Tipos de traumatismo ocular
Los traumatismos oculares se dividen en contusivos (golpe sin penetración) y penetrantes (objeto que atraviesa el globo). Los contusivos son más frecuentes: pelotazo, puñetazo, golpe con un dedo, accidentes de tránsito. Los penetrantes son emergencias absolutas.
Un golpe que parece leve puede causar internamente: hifema (sangre en la cámara anterior), desprendimiento de retina traumático, subluxación del cristalino, o fractura de la órbita. Por eso siempre es preferible una evaluación médica.
Qué hacer en los primeros minutos
- Aplicar hielo envuelto en tela (nunca directamente sobre el ojo) para reducir la inflamación si hay hematoma periorbital.
- No frotar ni presionar el ojo: puede agravar una lesión interna.
- Si hay un objeto penetrante: NO intentar sacarlo. Cubrir el ojo con un vaso o escudo improvisado SIN presionar y dirigirse a urgencias.
- Si hay salpicadura química: lavar con abundante agua por 15-20 minutos y dirigirse a guardia.
- Ir al médico aunque el ojo parezca bien: algunas lesiones internas no dan síntomas inmediatos.
Señales que requieren atención urgente
Necesitás atención urgente si después del golpe aparece: visión borrosa o pérdida de visión, ojo rojo intenso, dolor que no cede, sensación de destellos, moscas volantes nuevas, o doble visión. Estas pueden ser señales de desprendimiento de retina traumático, hifema u otras complicaciones.
Ante cualquier golpe en el ojo con síntomas visuales, la evaluación oftalmológica es obligatoria. No esperar a que "pase solo".

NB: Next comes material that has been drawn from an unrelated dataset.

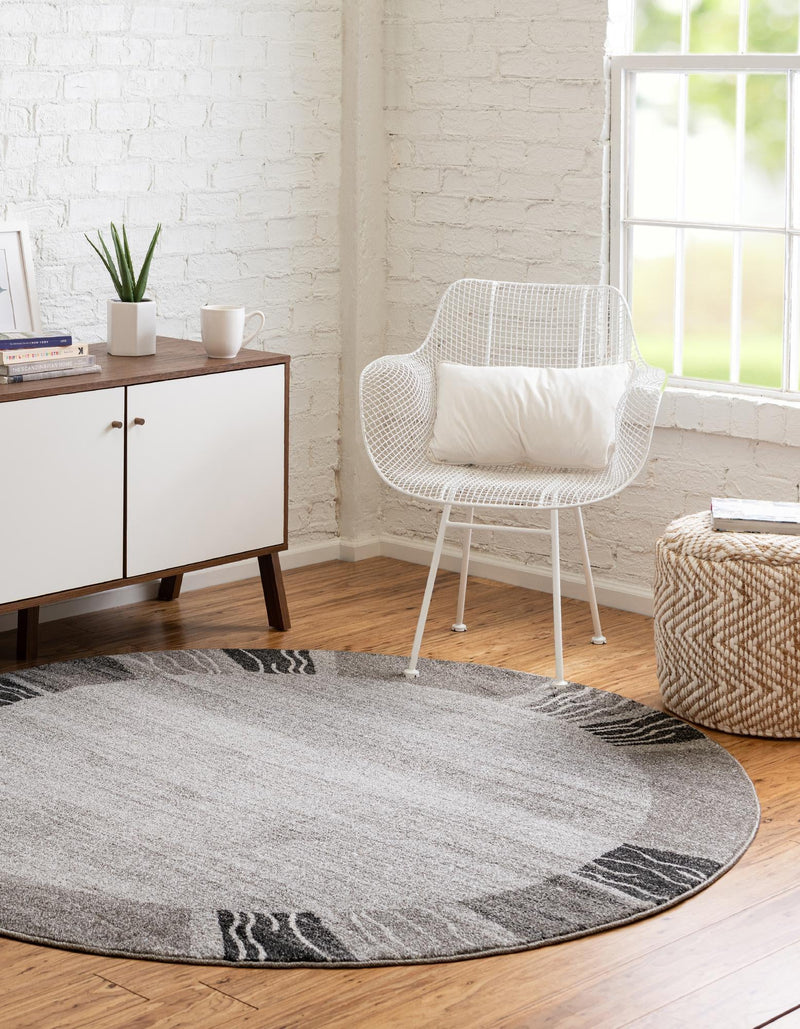 Studio Haven Collection Area Rug - Atelier Round Light Gray lifestyle 115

El hifema: sangre en la cámara anterior
El hifema es la acumulación de sangre en la cámara anterior del ojo (entre la córnea y el iris), visible como una mancha rojiza en la parte baja del ojo. Es un signo de traumatismo significativo. Requiere reposo, cabecera elevada y seguimiento oftalmológico estricto para prevenir complicaciones como sangrado secundario o elevación de la presión ocular.